The work by Shaima Abdalla and Zary Forghany and co-workers/authors describes in good detail the seach
for ETS-DNA-binding inbibitors as potential tool to inhibit the essential role for ETS type transcription factors
in tumor development. The work describes the screen of a large fragment library using DNA-binding domain
fragments and oligonucleotide binding sites. While the assay itself is very well described, the complexity of
the library and the initial screening results are not very clear. I particular it remains elusive what type of
potential fragments are present in the library analyzed and how the intial pooling of fragments was performed.
Given the very similar structure of the potential specific inhibitors presented, it would be improtant to get a
better guidance in the manuscript to understand the very limited structural diversity obtained and used in the
more detailed in vitro and in vivo assays. I also do not understand how the 398,892 compounds in the ibrary
were validated? Looking at the more detailed analysis on interference with specific DNA-binding assays, it is
quite impressive how the structurally very similar compounds (figure 3 B, C) show this interesting spcificity for
the different ETS type transcription factor DNA binding. What I do not understand is why no resutls for
compounds E are shown. Becuase of the strong untiproliferative effecte of compound A and D in the cell
based assay. It is not surprising that the sprouting in the assay in figure 4 A, B is drustically inhibited. Thus
while this assay shows potential antoangiogenesis activity, it si not clear if this is specific are due to the
general anti-proliferative activity of the two compounds. The lack of DNA-damage and thus potential
genotoxicity, makes the compounds presented quite interesting as potential anti-angiogentic compounds. Still
it is not completely clear if the effect observed is specifically mediated through ETS DNA-binding inhibition.
Besides the points mentioned above, another minor point that should be addressed is the presentation of the
results in figure 2 C. Here the input lane is missing in the second panel.

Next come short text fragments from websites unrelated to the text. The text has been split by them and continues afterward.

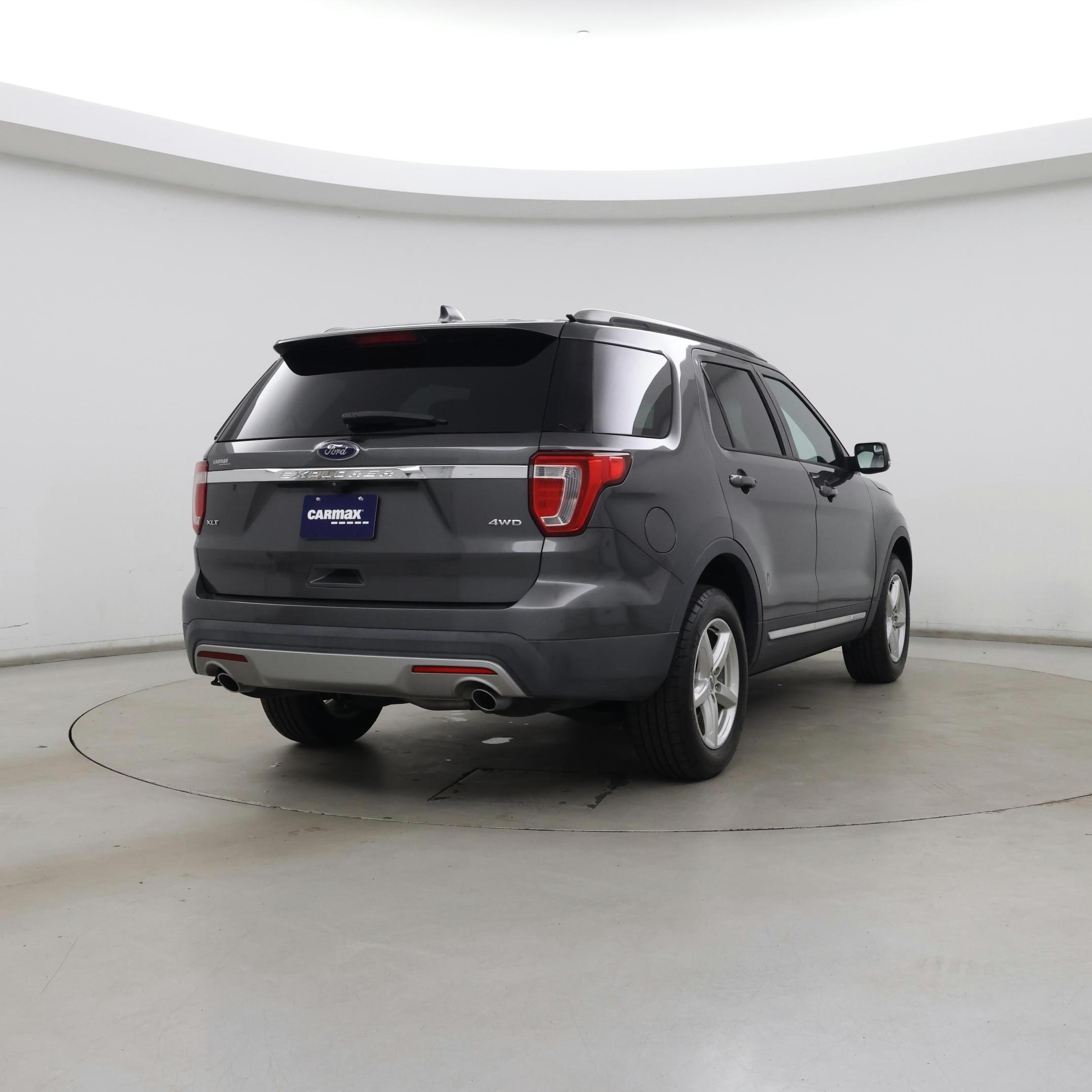 Thumbnail: 2016 Ford Explorer - 8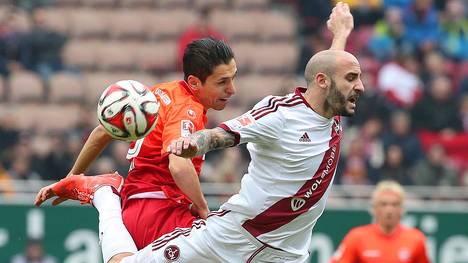 Der 1. FC Kaiserslautern um Karim Matmour (l.) im Duell mit Javier Pinola vom 1. FC Nürnberg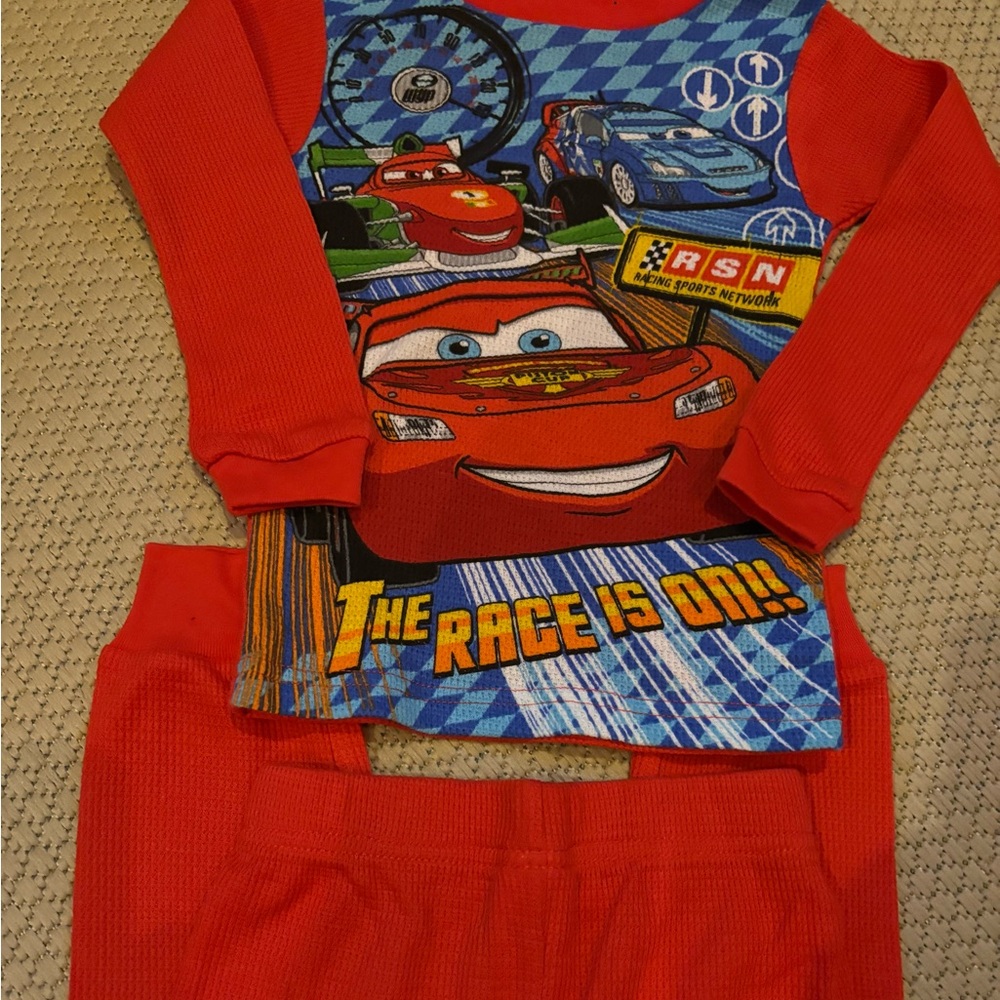 Pajamas Disney Pixar Cars boys new 4 red 60% cotton 40% polyester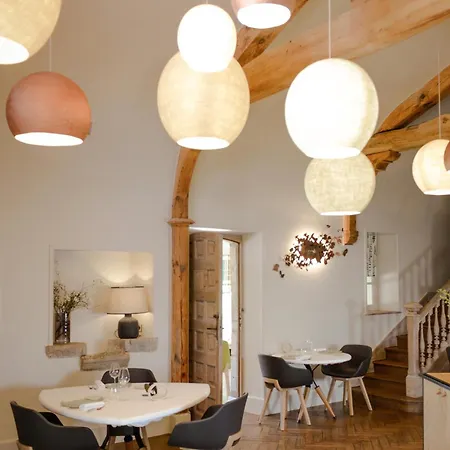 Hotel Les Frères Ibarboure - 4 étoiles, Extérieur Sensoriel Et Restaurant étoilé à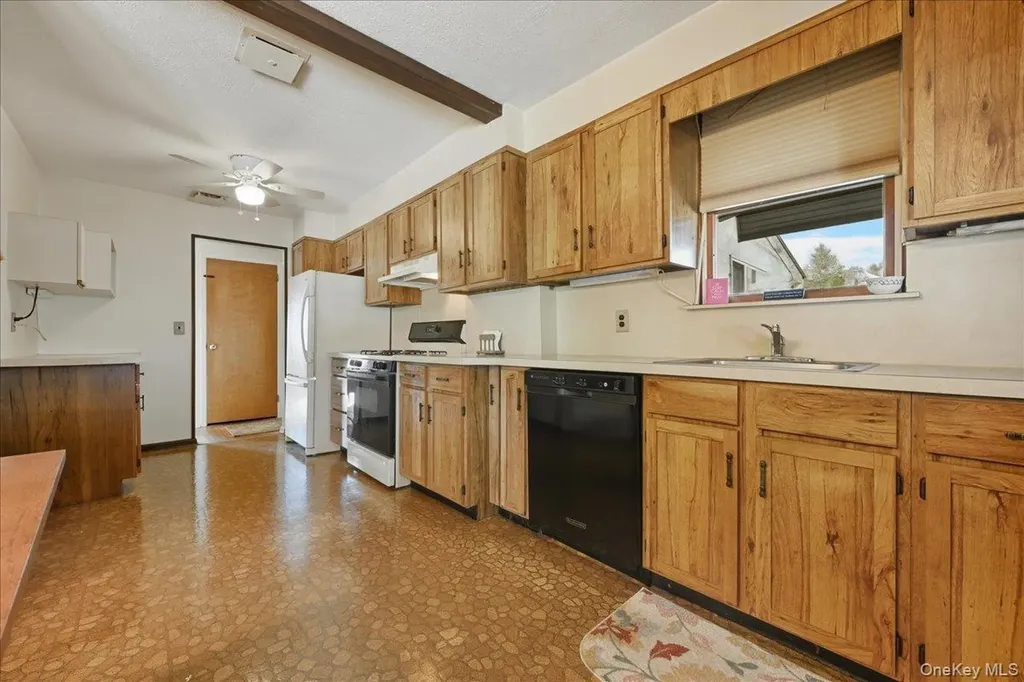 413 Grand Boulevard Deer Park NY 11729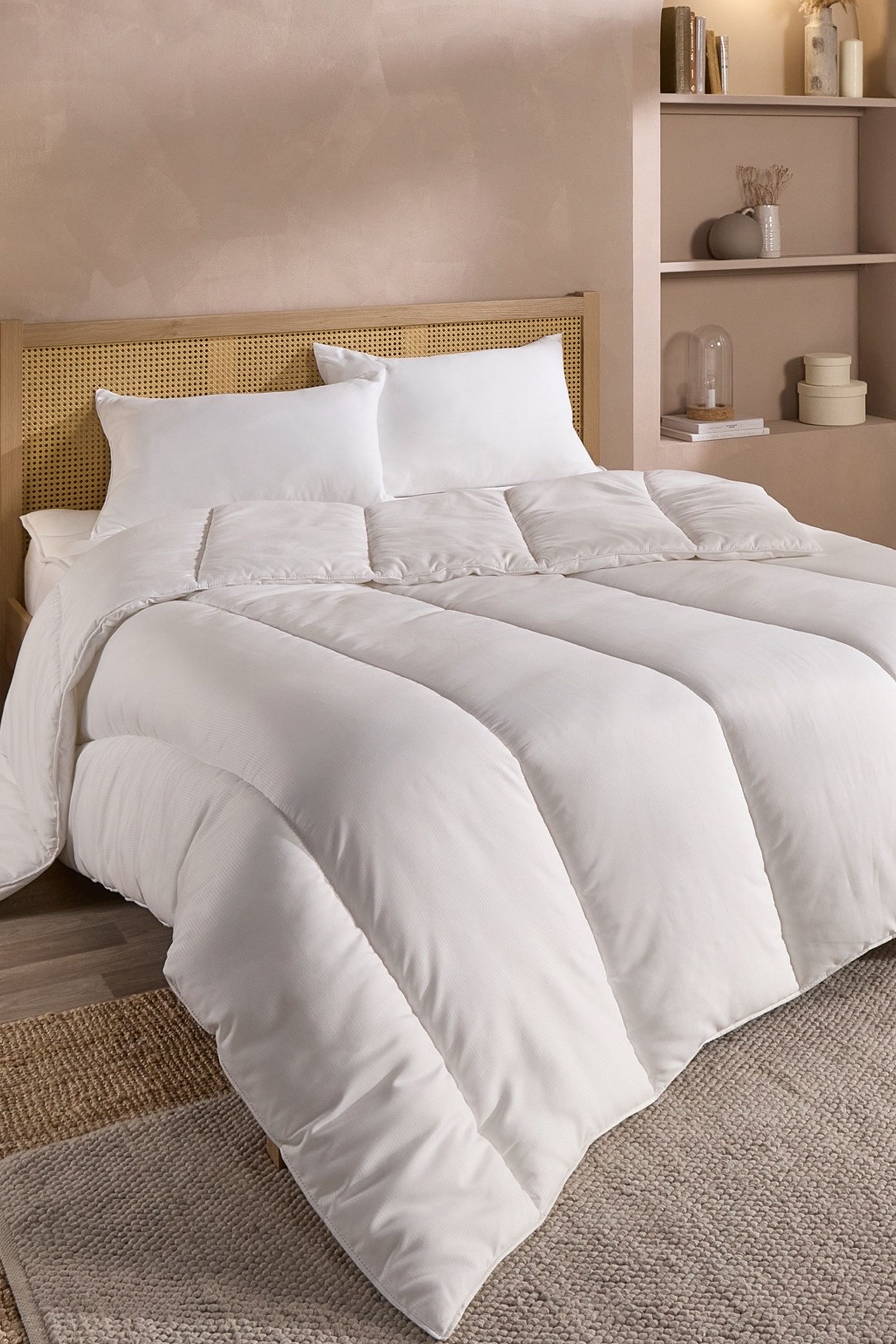 Snuggledown Scandinavian Classic Soft Touch 4.5 Tog Summer Duvet in White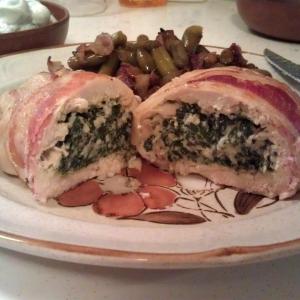 Bacon-Wrapped Chicken Stuffed with Spinach and Ricotta_image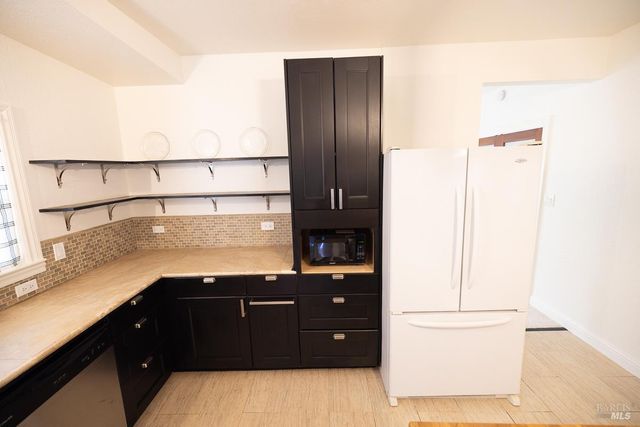 1685 W College Ave, Santa Rosa, CA 95401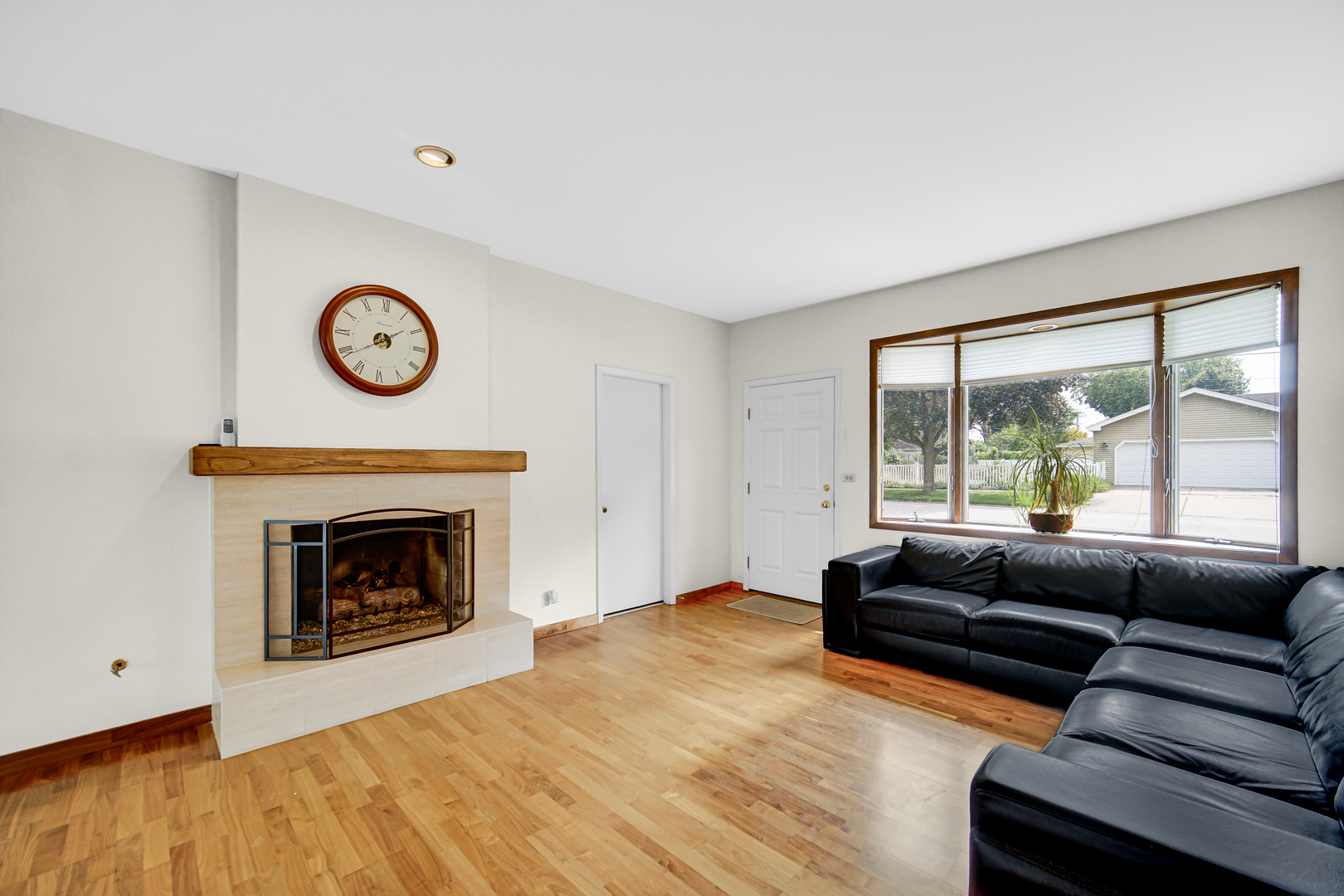 201 N Elmhurst Avenue Property Photo 5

Comments on revised version FEBSL-24-1131.R1 the manuscript has clearly improved with the revision and all my points addressed in my initial review have been adressed.

There are only two minor points
-- why is the signal in Figure 2 C so much weaker than in the fragment binding lanes?

-- although the story is quite complete I miss a better eplanation for the role of the fragment binding assay and its contribution to the identification and selection in the discussion of the manuscript, this would make the paper more clear for less spezialized readers.